Alors que l’économie moderne des trois
premiers quarts du XXe siècle avait été dominée par l’industrie (mécanique,
chimie, électricité), le dernier quart a vu émerger une économie
contemporaine informatisée (microélectronique et logiciel), automatisée et
dominée par l’activité tertiaire.
L’économie, la société, ont alors brutalement
changé de pivot : elles avaient auparavant tourné autour de la mécanique, elles
tournent désormais autour de l’informatique. Il en est résulté un changement des
orientations, priorités et « valeurs ». La finance, la communication ont pris le
dessus au détriment des « fondamentaux » ; l’écart s’est creusé entre les plus
riches et les plus pauvres.
Un bouquet de phénomènes s’est ainsi déployé :
automatisation de la production et organisation en réseaux (Boltanski et
Chiapello [20]), financiarisation, médiatisation, mondialisation,
désindustrialisation, enrichissement extravagant d’une petite minorité,
exclusion d’une autre minorité, plus nombreuse. Le culte de la richesse et du
pouvoir, qui certes avait toujours existé, est devenu intense (Gergorin [53]).

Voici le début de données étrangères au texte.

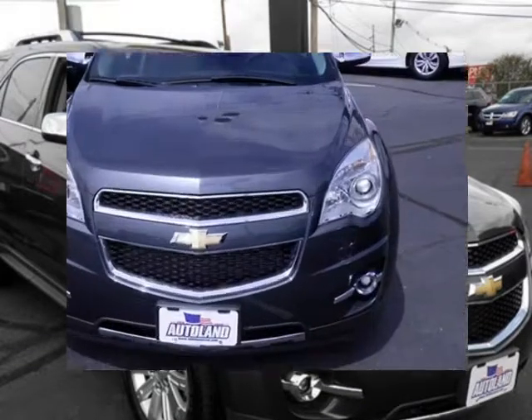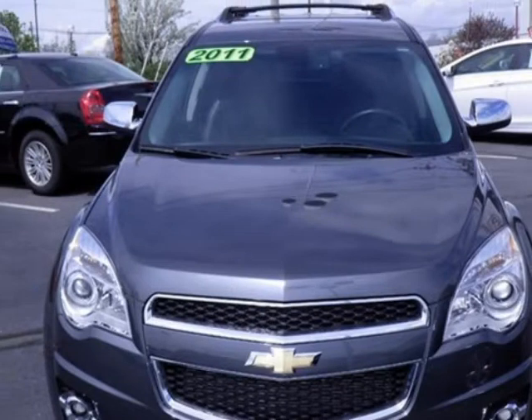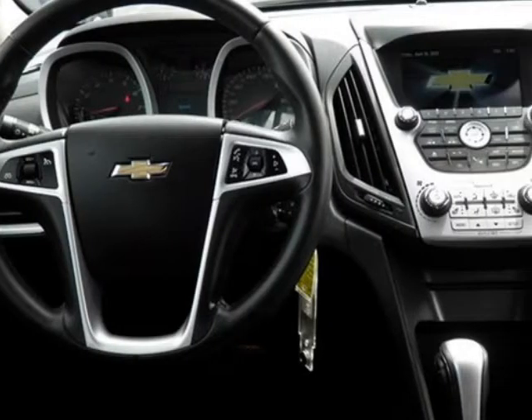It has 4 doors, 4-wheel ABS brakes, and many other features. Please call us for a walk-around description of the vehicle or to schedule a test drive.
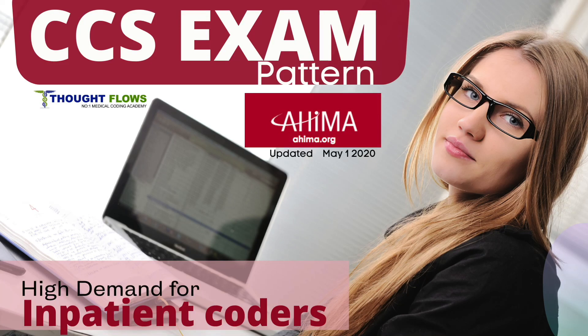CCS exam for your career growth. Hi friends, how are you all? So many of you are looking to take the CCS exam. This video is for you and it is presented by ThoughtFlows.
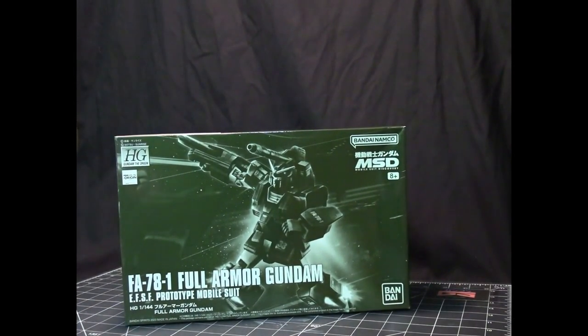This is the Full Armor Gundam, which is part of the Origin stories — the prequel to the Universal Century, covering the first year war and the rise of Zeon.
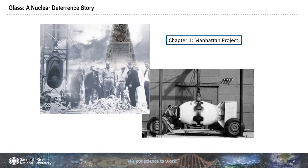Rather than just jumping into a story, I'd like to follow Stephanie's footstep and tell you an arc of the story and where this thing began. The story of glass, certainly for Savannah River National Laboratory, has its birthplace in the Manhattan Project.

La guerre elle-même ne se mène plus sur le champ de bataille où s’affrontaient
des armées mécanisées mais au sein de la population (Smith [137]) ; la
force armée s’est largement privatisée (Singer [133]).

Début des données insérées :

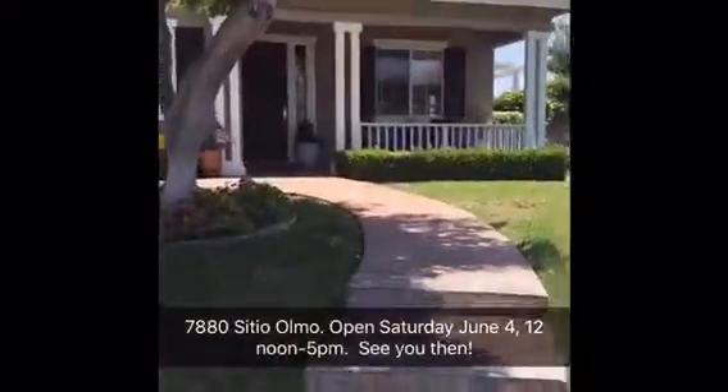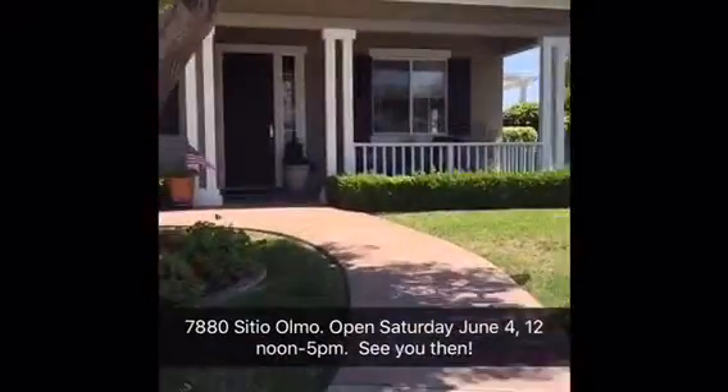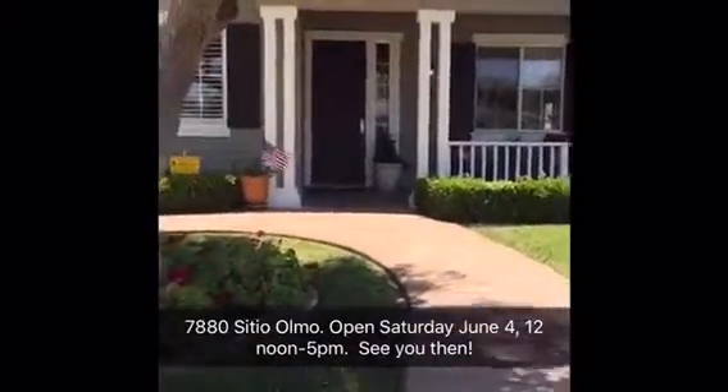Thanks for joining me today. We are at 7880 Sitio Almo in La Costa Valley. Let's take a closer look. Join us this Saturday from 12 to 5 for our open house. See you then.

Confrontées à ces phénomènes les institutions
sont comme frappées de stupeur : les « systèmes » que l’économie moderne avait
non sans mal ni sans luttes mis au point (systèmes éducatif, sanitaire, fiscal,
militaire, judiciaire, politique etc.) se trouvent soudain obsolètes. Il en
résulte une crise multiforme, généralisée, sournoise, qui déconcerte les
meilleures volontés.
* *
Certes le prédateur, « celui qui vit de proies
», n’est pas un personnage nouveau : la criminalité est de tous les temps ;
l’économie médiévale se caractérisait par un équilibre approximatif entre
prédation et charité ; dans l’économie moderne elle-même les entreprises, les
nations en compétition se sont affrontées durement.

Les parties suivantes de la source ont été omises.